Conservatives, such as Blum, have adopted Marshall’s tactics — to different ends, said Hans A. von Spakovsky, a fellow at the Heritage Foundation.

“There are plenty of groups who carefully cultivate cases,” von Spakovsky said. “The only thing that is unusual is it is mostly liberal groups who work on stuff like this.”

The search for a plaintiff to challenge affirmative action in higher education took Blum two years. He began the hunt in 2006, just after the Supreme Court narrowly upheld an affirmative action program at the University of Michigan.

Blum’s alma mater — the University of Texas — was a natural target: Blum knew the school used race as one factor in its admissions process. He set up the Web site UTNotFair.org to solicit the stories of white students whose applications had been rejected. He sifted through some 300 entries. He called attorneys, who might already have clients whose cases could lend themselves to his cause. He called old friends. He waited.
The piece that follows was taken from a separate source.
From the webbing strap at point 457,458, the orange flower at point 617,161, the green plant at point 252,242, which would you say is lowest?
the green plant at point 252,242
He considered one young man, but he seemed like a goofball who might go off the rails, Blum recalls. He met another student whose father said things that struck Blum as bigoted.

Then Blum heard from Abigail Fisher’s father. Blum had known the Fishers since before Abigail was born, and they knew of his hunt. Fisher had been denied admission to UT, the university her father and sister had attended, and she wanted to sue.

Blum look at Fisher’s academic record and then gave the A-student The Talk.

“It will be represented in court that you, as an individual 18-year-old kid, are questioning the wisdom and propriety of diversity in higher education,” he recalled saying. “And your friends may not like this. Your parents’ friends may not like this. . . . I’ll pay for it all. I’ll hold your hand throughout the years . . . but you have to be prepared for this.”

Fisher said yes. The justices agreed to hear the case, which was argued this fall.

“I don’t want to sound cocky, but I knew it,” Blum said.“I just knew it.”

At the same time, Blum was narrowing in on a plaintiff to challenge his other target: Section 5 of the Voting Rights Act, a triumph of the civil rights movement passed to protect black voters from literacy tests and Jim Crow election officials. The section requires certain states and jurisdictions — mostly in the South — to get Justice Department “pre-clearance,” or approval, before changing any law or procedure that affects voting.